----- Collected material
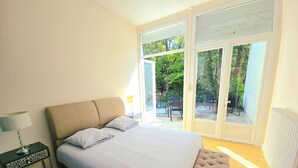 A bedroom with a bed, nightstand, and a view of the outdoors through a sliding door. - LES LOGIS DU CHATEAU MARIE VICTORIA on the way to ST-JACQUES-DE-COMPOSTELLE (La Vergne (17400))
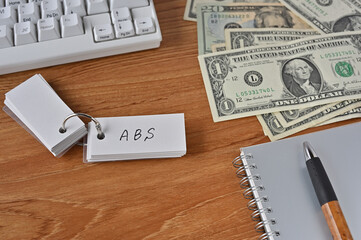 On the desk were bills, a notebook, and a word book with the word ABS written on it. It was an abbreviation for the financial term Asset Backed Security.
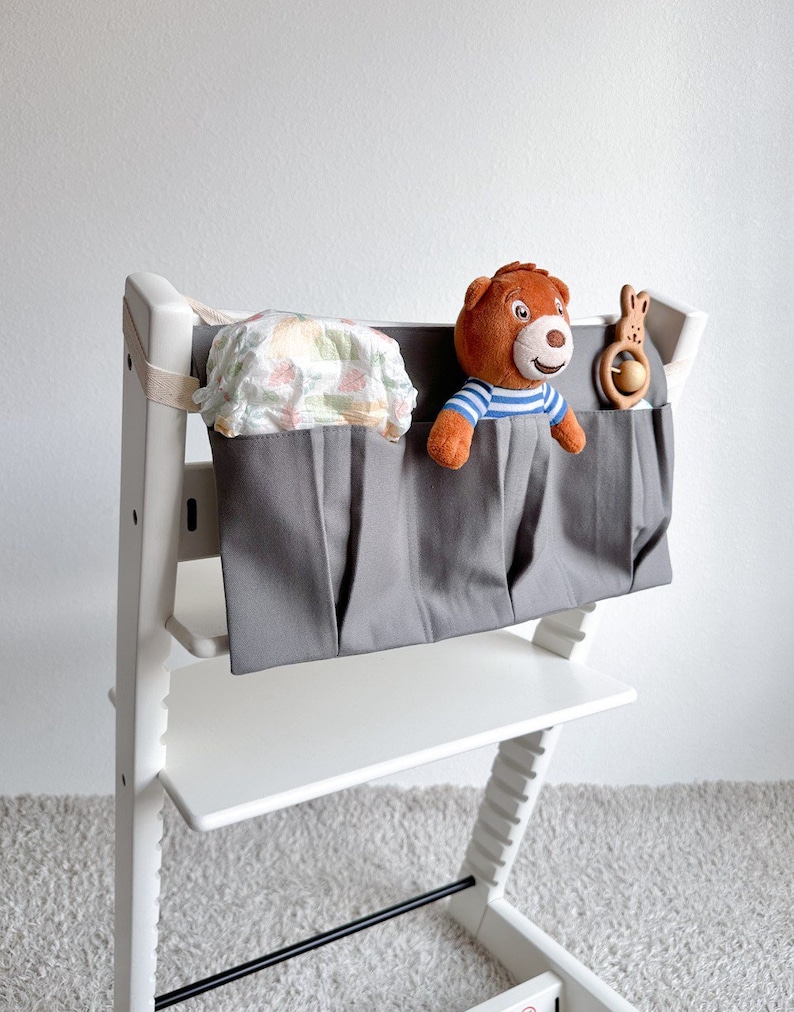 May include: Gray fabric organizer with three pockets hanging on a white high chair. The organizer has a stuffed bear, a wooden toy, and a diaper inside.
----------
**Exercise requirements**.
From the first line to the last, retype the material exactly and exclude the pictures.

**Solution below**.
 A bedroom with a bed, nightstand, and a view of the outdoors through a sliding door. - LES LOGIS DU CHATEAU MARIE VICTORIA on the way to ST-JACQUES-DE-COMPOSTELLE (La Vergne (17400))
 On the desk were bills, a notebook, and a word book with the word ABS written on it. It was an abbreviation for the financial term Asset Backed Security.
 May include: Gray fabric organizer with three pockets hanging on a white high chair. The organizer has a stuffed bear, a wooden toy, and a diaper inside.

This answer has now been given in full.